O papel da Escola na instrução do povo
«(…) Neste caso concreto, o que significava povo para a as associações
estudadas? José António Serrano, um dos principais fundadores destas
associações, refere-se ao povo como público-alvo da associação do Gremio de
Ilustração Popular, na conferência que dá em 1871, em Castelo de Vide:
O meu programa é este, a associação de que vos falo tem por fim concorrer
simultaneamente para a illustração dos que a formam e para a illustração do
povo. (1871: 8)
E acrescenta:
Vós os que me ouvirdes, vós, os que acudirdes ao meu brado, estudareis
e ensinareis; estudareis e para isso formar-se-há uma bibliotheca; haverá certames
literários; e para isso organizar-se-hão saraus litterários, e podendo ser
abrir-se-hão escolas, editar-se-hão livros. Estudareis e para isso formar-se-há
uma bibliotheca (Serrano, l871).
Nas palavras de Frederico Laranjo, no discurso que profere em 1870, o povo
não mudara nada e continuava ignorante, tal como sempre fora ao longo dos
séculos:
o povo, sabeis o que é o povo? O português? Sciencia, literatura, governos,
tudo tem mudado e tem mudado progredindo. (...) Mas o povo não mudou, o povo
está; e sabeis onde e como? Encastellado na sua ignorância e agarrado aos seus
prejuízos, amando o passado e evocando-o, maldizendo o presente e repellindo-o,
sem fé na sciencia, sem fé nos homens (...) O século dezanove, infinda cousa
coincide com a idade media (Laranjo, 1870).

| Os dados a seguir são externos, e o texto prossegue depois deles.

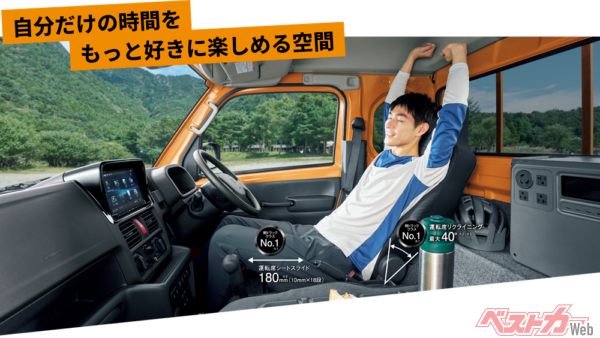 シートのスライド量は180mm、リクライニングの調整は18段階、最大40度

A Educação Popular deve ser uma educação participativa, orientada para
a realização dos direitos do povo. Não é uma educação imposta pois baseia-se no
saber da comunidade e parte geralmente do diálogo entre a população. Não é Educação
Informal porque visa a formação de sujeitos com conhecimento e consciência
cidadã. É uma estratégia de construção da participação popular para encontrar
novos caminhos na vida social. A principal característica da Educação Popular é
utilizar o saber da comunidade como matéria-prima para o ensino. Visa aprender
a partir do conhecimento que o sujeito possuiu. Visa ensinar a partir de temas
geradores, motivações e interesses do quotidiano do formando. A educação é
vista como acto de conhecimento e transformação social.
A educação popular pode ser desenvolvida em qualquer contexto, mas tem
geralmente lugar em locais rurais, em instituições socioeducativas e no ensino
de jovens e adultos. Nas décadas finais do século XIX, o tema da educação popular
entra na ordem do dia, associado à descoberta dos elevados índices de analfabetismo
da população portuguesa. A instrução do povo era vista como fonte de progresso,
novamente segundo António Costa:
A instrucção popular cria um grande capital financeiro no desenvolvimento
dos espíritos. Quanto mais apurados forem os conhecimentos dos operários e dos
trabalhadores, mais perfeitos, e por isso mais rendosos serão os produtos
industriaes e agrícolas. O salário dos operários, o lucro dos capitalistas e a
prosperidade do paiz crescem na proporção em que se augmenta a cultura das
intelligencias e a melhoria do trabalho individual (1870).
No jornal O Castellovidense de 19 de Janeiro de 1910, pode ler-se:
A instrucção é como o sol que ilumina e os paes analfabetos criam filhos
analfabetos que não sabendo ler nem escrever não podem acompanhar o progresso
das artes, das industrias, não podem desenvolver a nossa agricultura e o nosso
comercio.
A instrução popular era também vista como regeneração social:
A educação do povo estreita o bom commercio da vizinhança, derrama nos
centros da população o pensamento do bem, semeia os principios da ordem e da
virtude, e se não consegue extinguir o mal, pugna com elle e enfraquece-o. É
facto averiguado que a instrucção diminue os crimes e restringe a miséria
(Costa,1870).
O ideal da formação do cidadão consciente e participativo fazia com que
o analfabeto não pudesse assumir o papel de cidadão, eleitor, que a República
tanto viria a apregoar». In Filomena M. F. Sousa Bruno, As
Bibliotecas de Castelo de Vide e a Educação Popular (1863-1899), CM de Castelo
de Vide, Edições Colibri, 2011, ISBN 978-989-689-139-8.